* **Exercise data**

------------------------------------

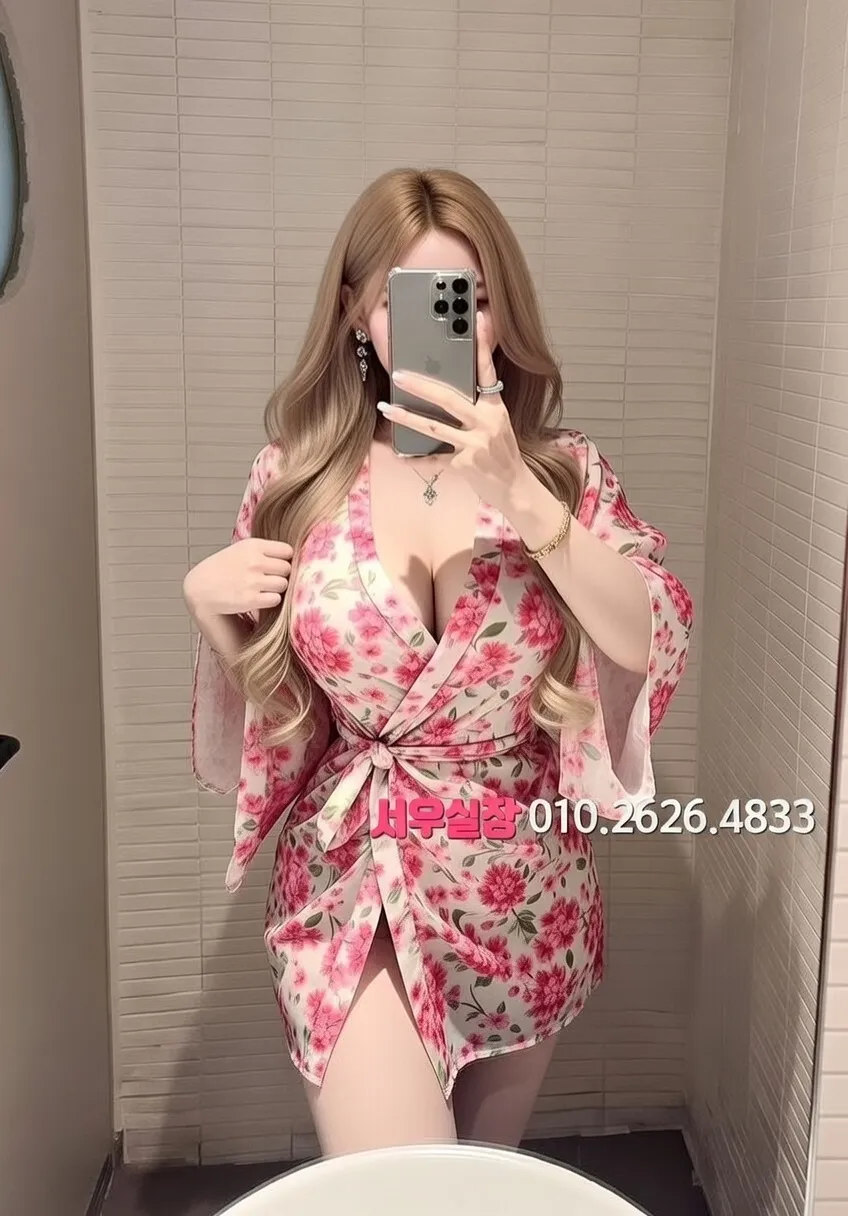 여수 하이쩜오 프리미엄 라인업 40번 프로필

------------------------------------

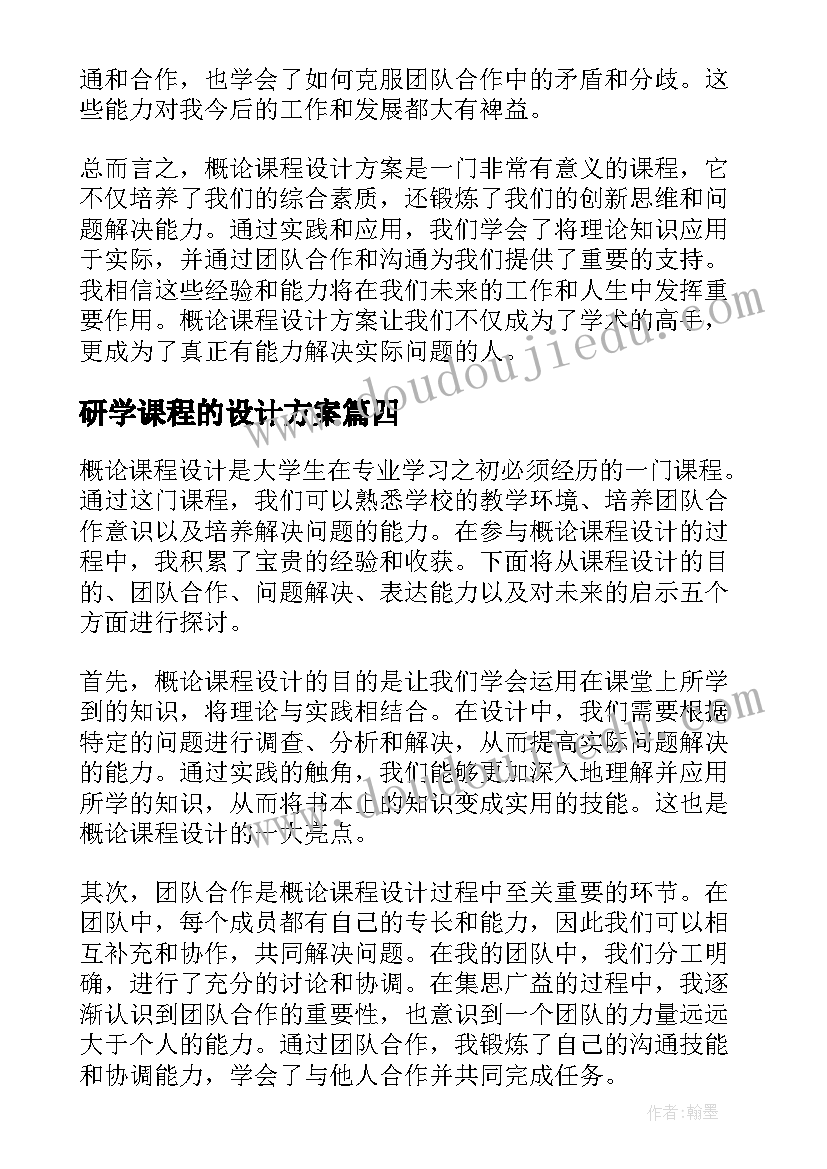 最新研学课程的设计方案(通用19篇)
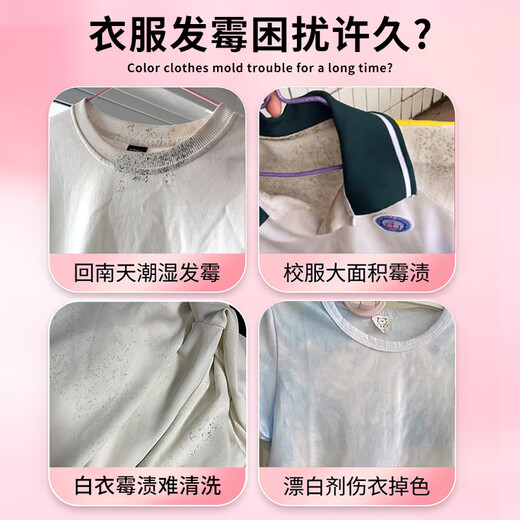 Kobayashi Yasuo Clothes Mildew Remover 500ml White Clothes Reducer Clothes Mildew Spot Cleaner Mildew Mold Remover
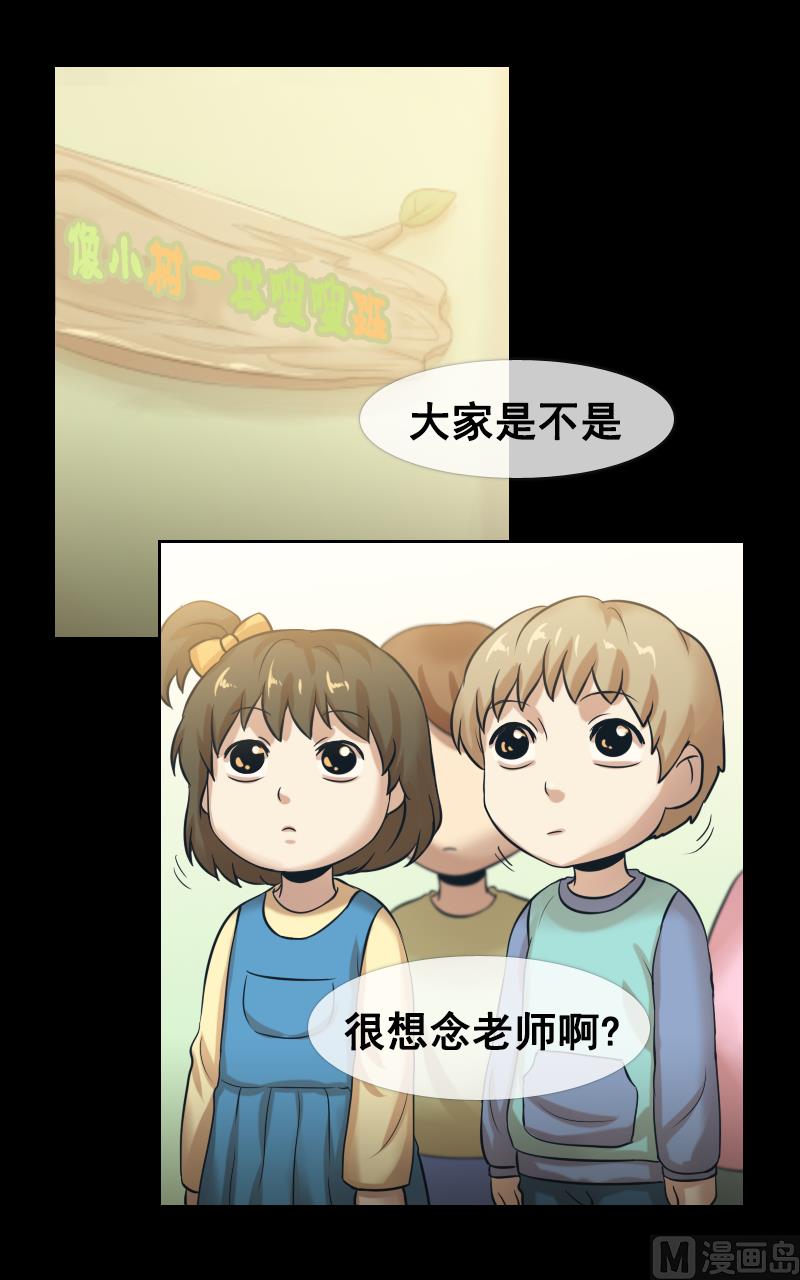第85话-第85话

------------------------------------

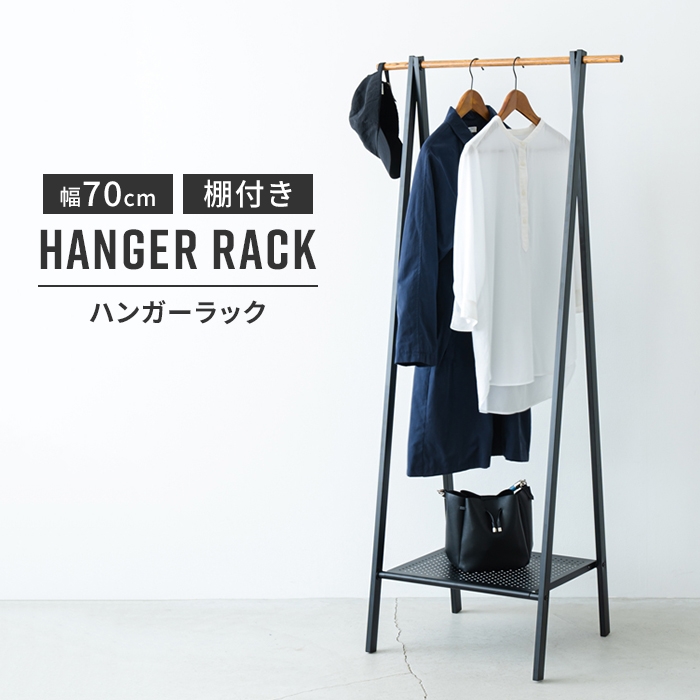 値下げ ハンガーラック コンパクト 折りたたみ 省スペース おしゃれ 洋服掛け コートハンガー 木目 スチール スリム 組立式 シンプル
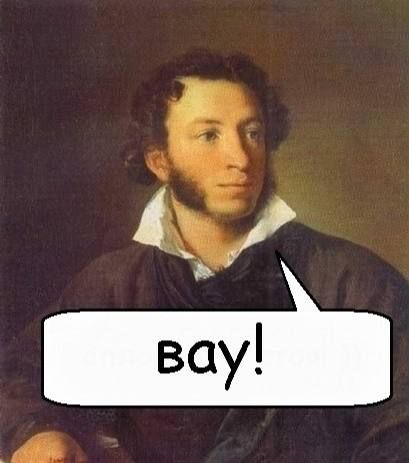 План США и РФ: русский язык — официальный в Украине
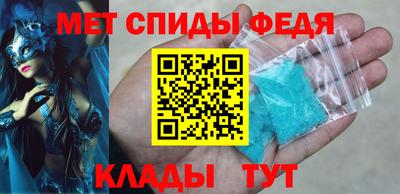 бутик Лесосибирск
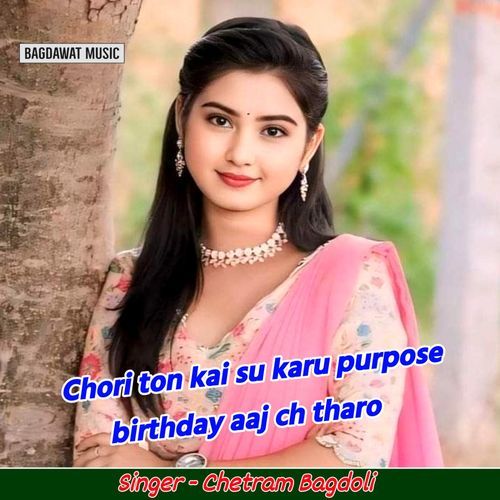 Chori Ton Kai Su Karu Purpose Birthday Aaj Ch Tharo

------------------------------------

* **Try it**
Look above for the line with "бутик Лесосибирск" and the line with "Chori Ton Kai"; set down those two lines and all lines between them exactly, without pictures and without anything else.

* **The answer**
 бутик Лесосибирск
 Chori Ton Kai Su Karu Purpose Birthday Aaj Ch Tharo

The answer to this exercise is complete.